Write a small program with:

  • A shutdown function wrapped in sync.OnceFunc that prints "flushing logs", "closing connections", "goodbye".
  • A signal handler goroutine that calls shutdown on SIGINT.
  • A deferred call to shutdown from main.
  • Verify that on Ctrl+C, the shutdown messages print exactly once (and not twice — once from the signal handler, once from the deferred call).

Solution:

package main

import (
    "fmt"
    "os"
    "os/signal"
    "sync"
    "syscall"
    "time"
)

var shutdown = sync.OnceFunc(func() {
    fmt.Println("flushing logs")
    fmt.Println("closing connections")
    fmt.Println("goodbye")
})

func main() {
    defer shutdown()

    sigs := make(chan os.Signal, 1)
    signal.Notify(sigs, syscall.SIGINT, syscall.SIGTERM)
    go func() {
        <-sigs
        shutdown()
        os.Exit(0)
    }()

    fmt.Println("running; press Ctrl+C")
    time.Sleep(30 * time.Second)
}

Run it, press Ctrl+C, observe that the three shutdown messages print exactly once.

Task 9 — Convert a struct method using sync.Once

Given:

type Server struct {
    cfgOnce sync.Once
    cfg     *Config
    cfgErr  error
}

func (s *Server) Config() (*Config, error) {
    s.cfgOnce.Do(func() {
        s.cfg, s.cfgErr = loadServerConfig()
    })
    return s.cfg, s.cfgErr
}

Rewrite Server so that there is no sync.Once field and no cfgErr field — only a wrapper function.

Solution:

type Server struct {
    config func() (*Config, error)
}

func NewServer() *Server {
    s := &Server{}
    s.config = sync.OnceValues(loadServerConfig)
    return s
}

func (s *Server) Config() (*Config, error) { return s.config() }

Config is now a method that delegates to the wrapper.

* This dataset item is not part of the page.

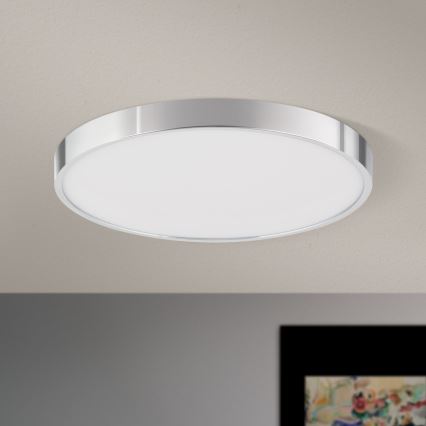 LED Stropna svetilka BULLY LED/28W/230V pr. 28 cm sijajni krom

The struct has one field instead of three.

Task 10 — Verify the GC reclaims the loader closure

Write a benchmark that:

  • Creates a sync.OnceValue wrapping a closure that captures a 10 MiB byte slice.
  • Calls the wrapper.
  • Forces GC.
  • Reads memory stats and verifies the 10 MiB is freed.

Skeleton:

package main

import (
    "fmt"
    "runtime"
    "sync"
)

func main() {
    var m1, m2 runtime.MemStats

    buf := make([]byte, 10<<20)
    load := sync.OnceValue(func() int {
        return len(buf)
    })

    runtime.GC()
    runtime.ReadMemStats(&m1)

    fmt.Println("loaded:", load())
    buf = nil

    runtime.GC()
    runtime.GC()
    runtime.ReadMemStats(&m2)

    fmt.Printf("HeapAlloc before: %d KB\n", m1.HeapAlloc/1024)
    fmt.Printf("HeapAlloc after:  %d KB\n", m2.HeapAlloc/1024)
}

You should see the "after" HeapAlloc significantly lower than "before" — the closure's reference to buf was dropped after load() succeeded.